Menzies says one of the pleasures of putting the exhibition together has been making discoveries about artists and film-makers. Part of this has been her and Morgan’s academic background and their extensive research. “Certainly [an academic background] gives you a good nose of where to look, and the confidence to make strong decisions about what you see.”

The Lye works on show were spotted in an archive.

“We know a lot about Len Lye’s films but we know less about the really extensive range of constant production. He was always drawing, he wrote lots of poems and he was an essayist. I was in the Len Lye archive looking at materials, correspondence, and objects, and was just blown away by his stencils. They are exquisite objects – handmade materials that carry all the traces of their use in the making of a film.

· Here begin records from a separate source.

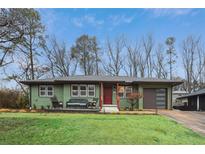 Charming ranch home with a beautifully manicured lawn, modern garage door, and inviting front porch at 1322 Elmhurst Circle Se Cir, Atlanta, GA 30316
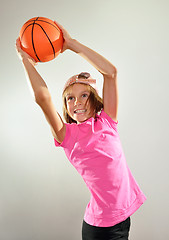 Image showing child exercising with a ball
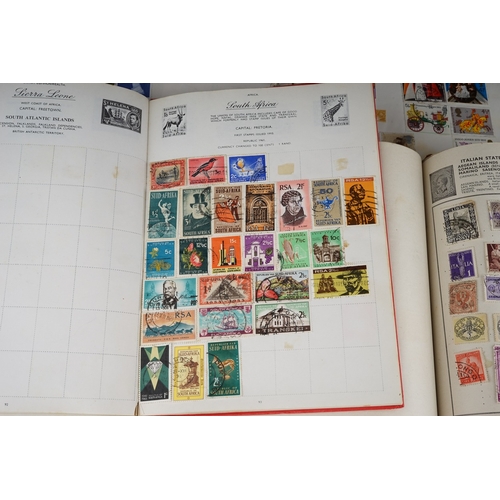 352 - A collection of stamps housed in a ring bound folder, a Godden Royal Mail album, a Quickchange album...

“At the same time, they had been categorised as ephemera within the archive, which is a lesser designation. I wanted to place them in the exhibition as artworks in their own right, fundamentally in recognition of their inherent visual qualities.”

Menzies says the stencils had been exhibited once before in Brisbane, but this is the first time in Lye’s homeland and designated as art works.

Her film studies background helped. “[It] helps me identify what is particularly interesting and unusual about the material in an archive. When possible, I will try to use the curatorial context polemically to serve the artwork or aid its preservation.”

Also of special significance is the inclusion of Millar. Several are new 3-D digital paintings for Cinema & Painting. Millar represented New Zealand at the Venice Biennale in 2011, but it was her work post-Biennale that fascinated Menzies.

“This new series of ‘Space Works’ required a completely different vocabulary. It has always been important to understand that Judy Millar is a painter. Yet she understands painting in a broad sense that intersects with straightforwardly metaphysical concerns – how do we live How should we live

“Her work is utterly contemporary in its process and its technological underpinnings. The dimensional works are an aspect of Millar’s current practice that [art] criticism is still grappling with.”

THE DETAILS

Cinema & Painting, Adam Art Gallery, Victoria University, Wellington, until May 11. Michelle Menzies and Auckland University professor of media, film and television Laurence Simmons present the talk Waterfalls, Lighthouses, Lakes: Landscape Aesthetics in New Zealand as part of the exhibition at the gallery on Thursday, 6pm.